[[ Data records open ]]

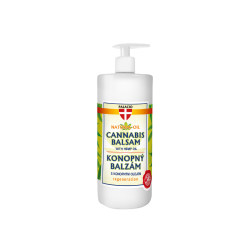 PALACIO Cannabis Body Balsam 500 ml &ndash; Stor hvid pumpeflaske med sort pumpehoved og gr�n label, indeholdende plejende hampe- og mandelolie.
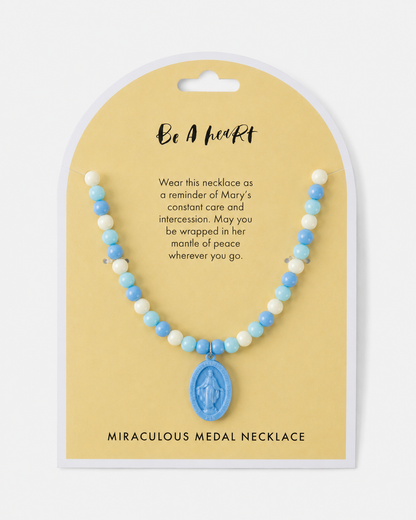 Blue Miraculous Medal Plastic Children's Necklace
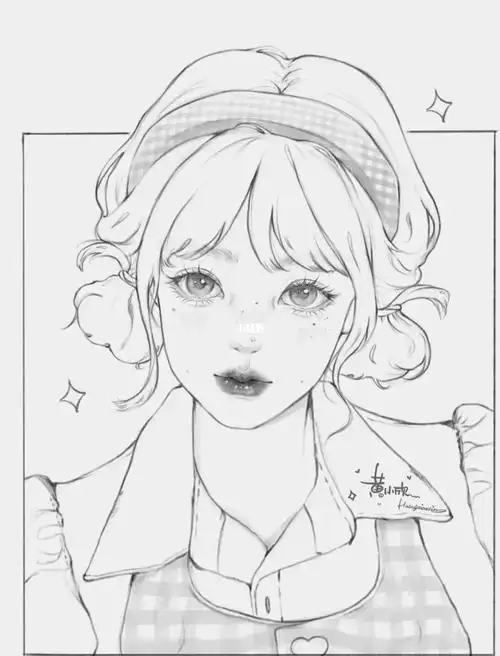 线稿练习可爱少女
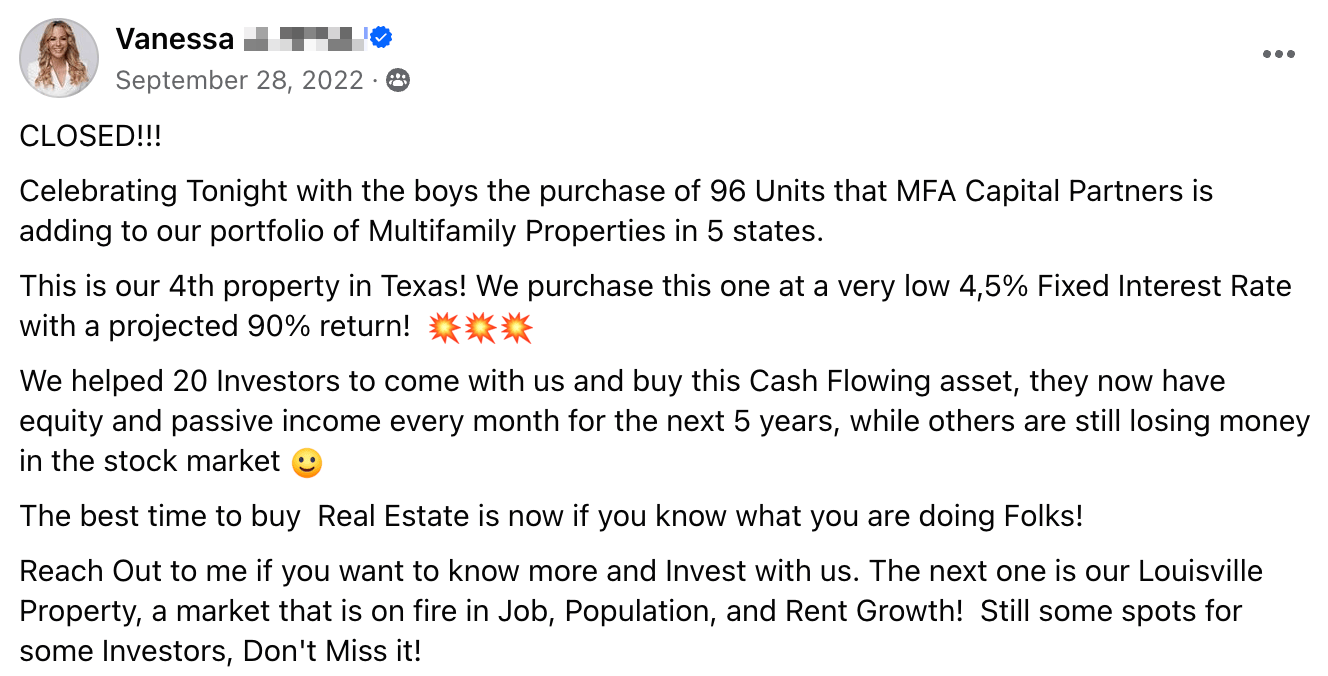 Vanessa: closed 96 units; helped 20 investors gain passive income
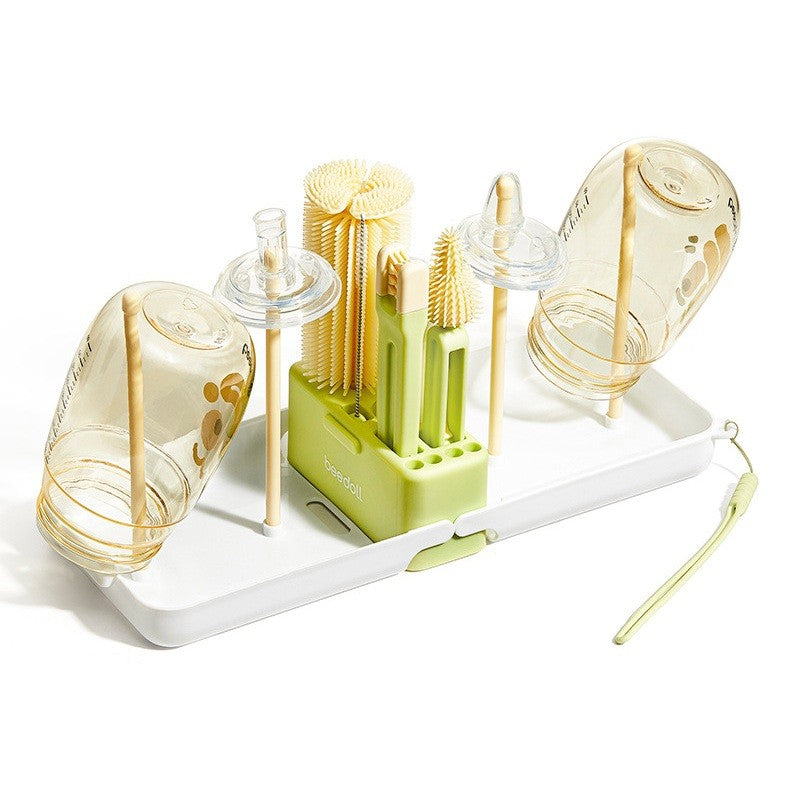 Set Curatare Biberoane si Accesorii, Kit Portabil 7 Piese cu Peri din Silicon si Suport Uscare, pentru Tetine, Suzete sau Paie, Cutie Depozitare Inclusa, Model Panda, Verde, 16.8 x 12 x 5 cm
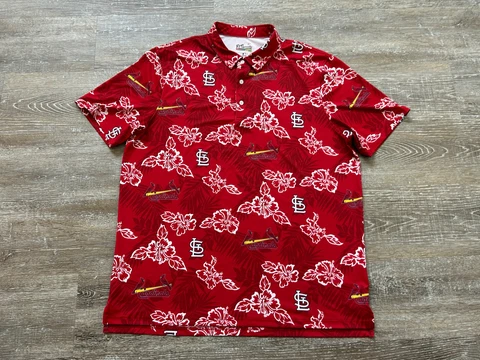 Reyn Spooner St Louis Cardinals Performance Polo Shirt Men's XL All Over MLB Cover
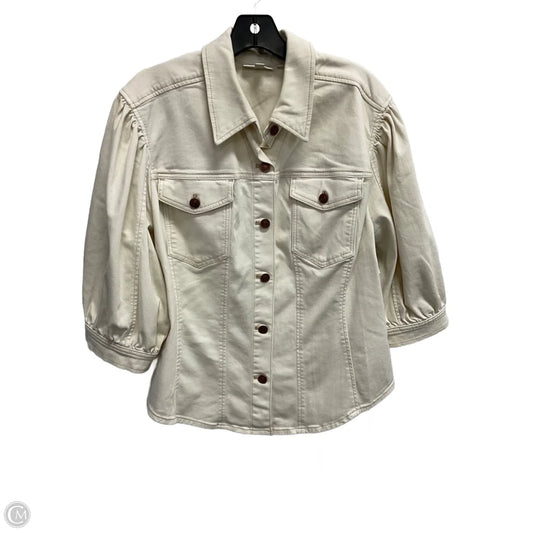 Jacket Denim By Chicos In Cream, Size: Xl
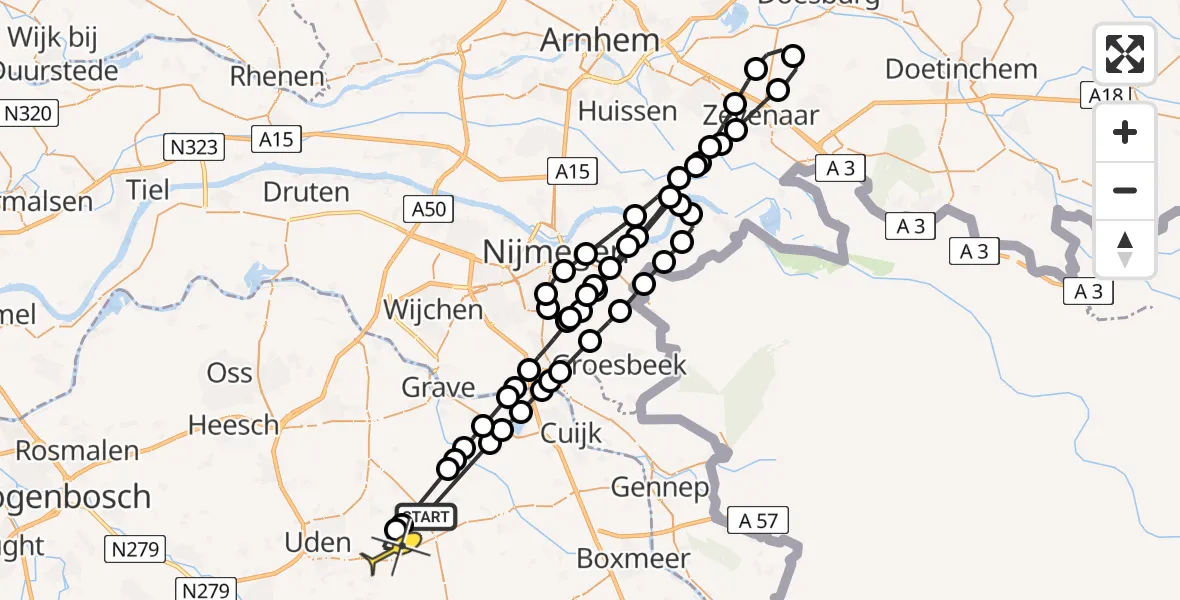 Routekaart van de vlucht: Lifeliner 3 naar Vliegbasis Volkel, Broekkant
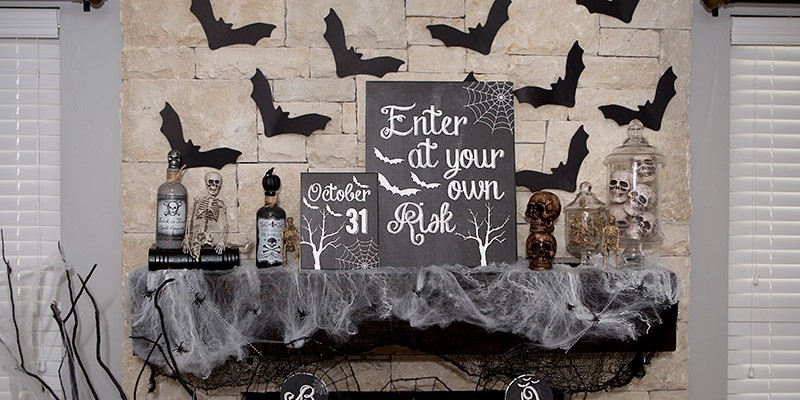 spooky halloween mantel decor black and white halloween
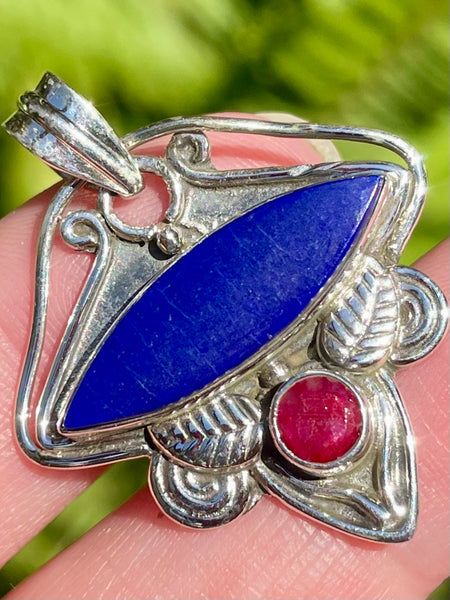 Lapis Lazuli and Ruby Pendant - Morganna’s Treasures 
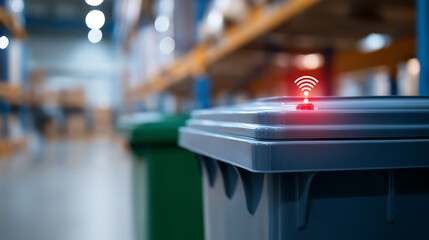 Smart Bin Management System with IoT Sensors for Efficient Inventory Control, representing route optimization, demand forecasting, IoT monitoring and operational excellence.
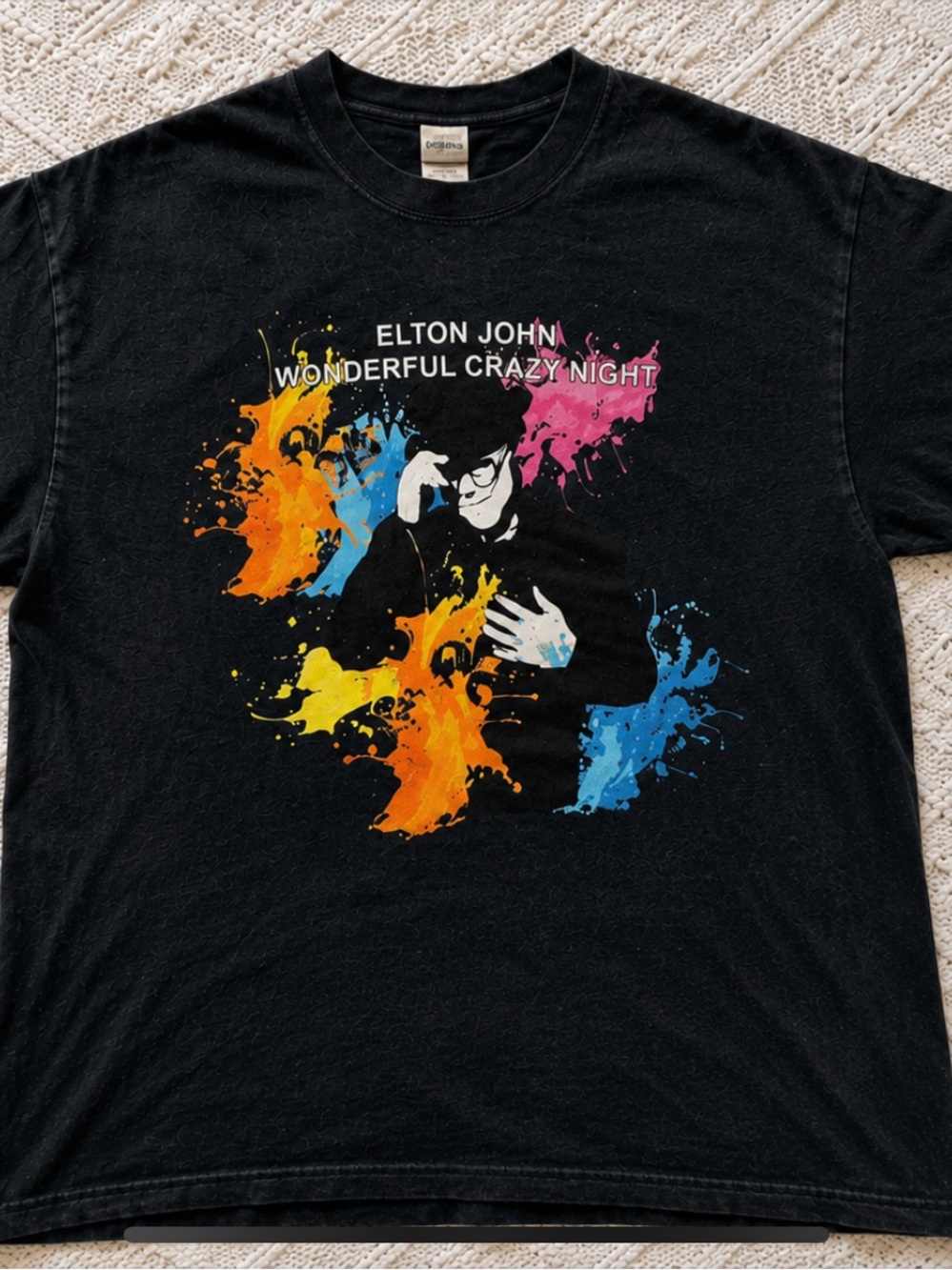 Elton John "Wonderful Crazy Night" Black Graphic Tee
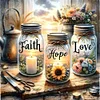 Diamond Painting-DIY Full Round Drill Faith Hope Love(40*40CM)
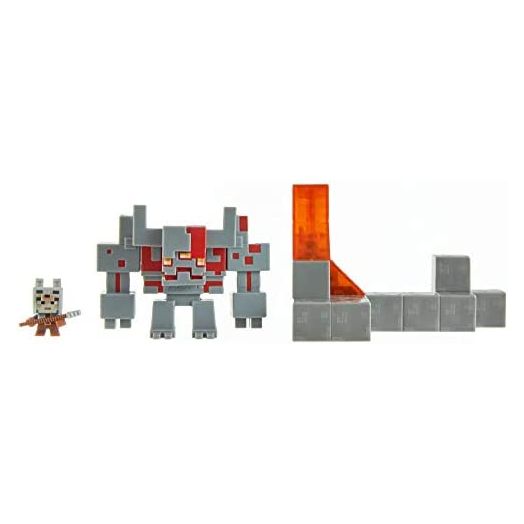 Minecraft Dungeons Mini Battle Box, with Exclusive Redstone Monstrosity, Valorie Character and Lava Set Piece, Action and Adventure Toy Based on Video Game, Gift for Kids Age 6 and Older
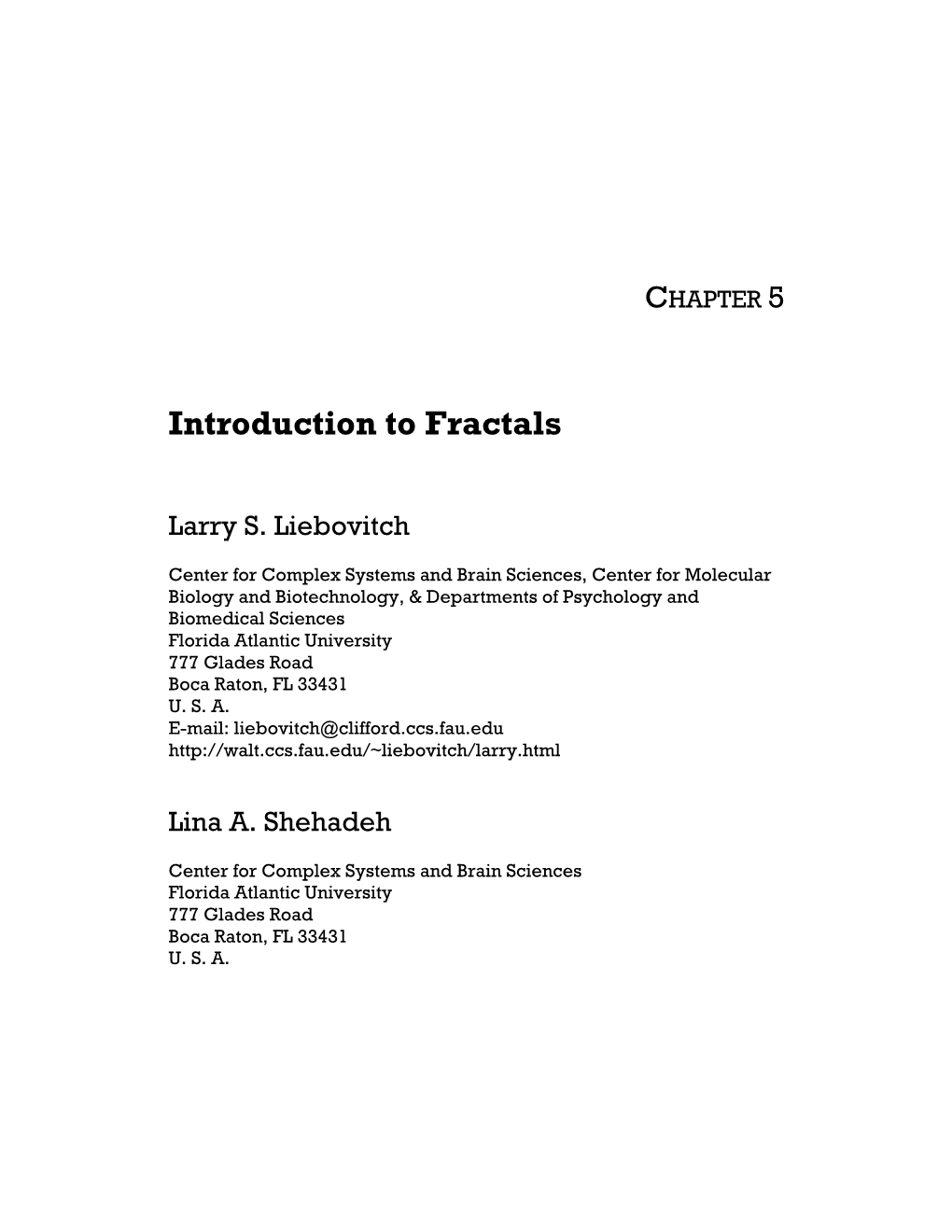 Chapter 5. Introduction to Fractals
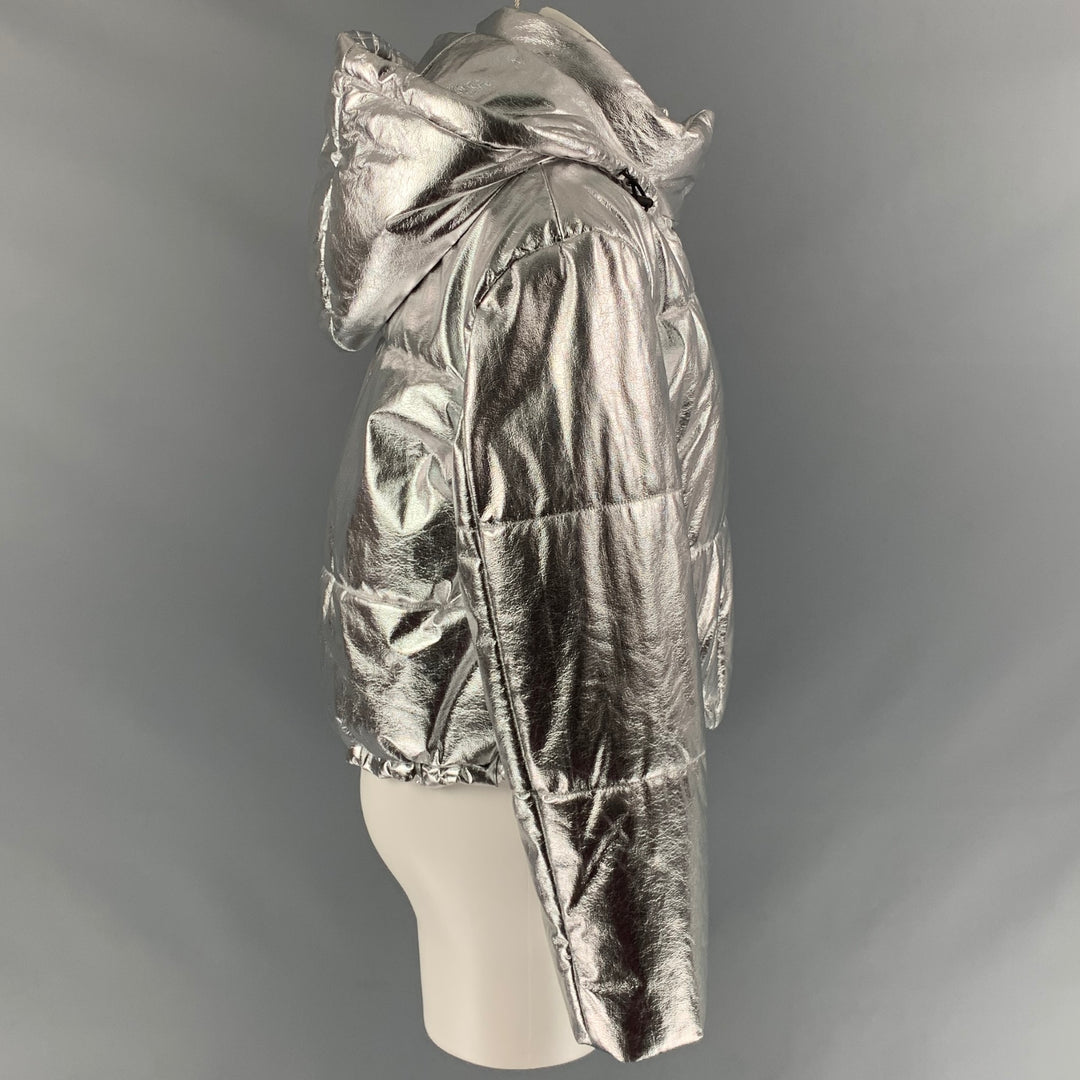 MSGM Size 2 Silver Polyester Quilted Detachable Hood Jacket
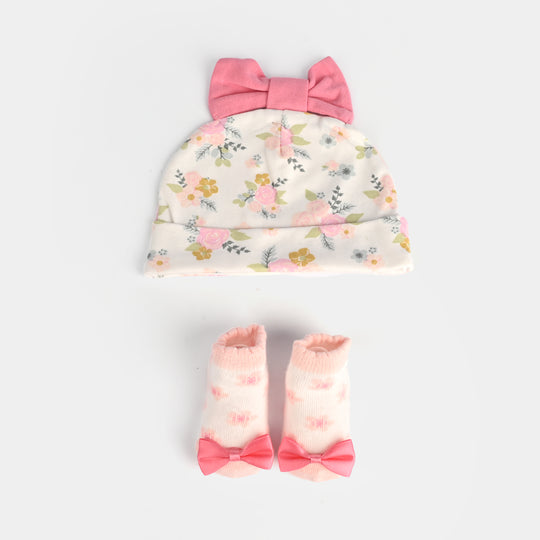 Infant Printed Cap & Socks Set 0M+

[[ Data records closed ]]

--- Work to be completed ---
Take the records above and transcribe them exactly, dropping every picture.

--- Written answer ---
 PALACIO Cannabis Body Balsam 500 ml &ndash; Stor hvid pumpeflaske med sort pumpehoved og gr�n label, indeholdende plejende hampe- og mandelolie.
 Blue Miraculous Medal Plastic Children's Necklace
 线稿练习可爱少女
 Vanessa: closed 96 units; helped 20 investors gain passive income
 Set Curatare Biberoane si Accesorii, Kit Portabil 7 Piese cu Peri din Silicon si Suport Uscare, pentru Tetine, Suzete sau Paie, Cutie Depozitare Inclusa, Model Panda, Verde, 16.8 x 12 x 5 cm
 Reyn Spooner St Louis Cardinals Performance Polo Shirt Men's XL All Over MLB Cover
 Jacket Denim By Chicos In Cream, Size: Xl
 Routekaart van de vlucht: Lifeliner 3 naar Vliegbasis Volkel, Broekkant
 spooky halloween mantel decor black and white halloween
 Lapis Lazuli and Ruby Pendant - Morganna’s Treasures 
 Smart Bin Management System with IoT Sensors for Efficient Inventory Control, representing route optimization, demand forecasting, IoT monitoring and operational excellence.
 Elton John "Wonderful Crazy Night" Black Graphic Tee
 Diamond Painting-DIY Full Round Drill Faith Hope Love(40*40CM)
 Minecraft Dungeons Mini Battle Box, with Exclusive Redstone Monstrosity, Valorie Character and Lava Set Piece, Action and Adventure Toy Based on Video Game, Gift for Kids Age 6 and Older
 Chapter 5. Introduction to Fractals
 MSGM Size 2 Silver Polyester Quilted Detachable Hood Jacket
 Infant Printed Cap & Socks Set 0M+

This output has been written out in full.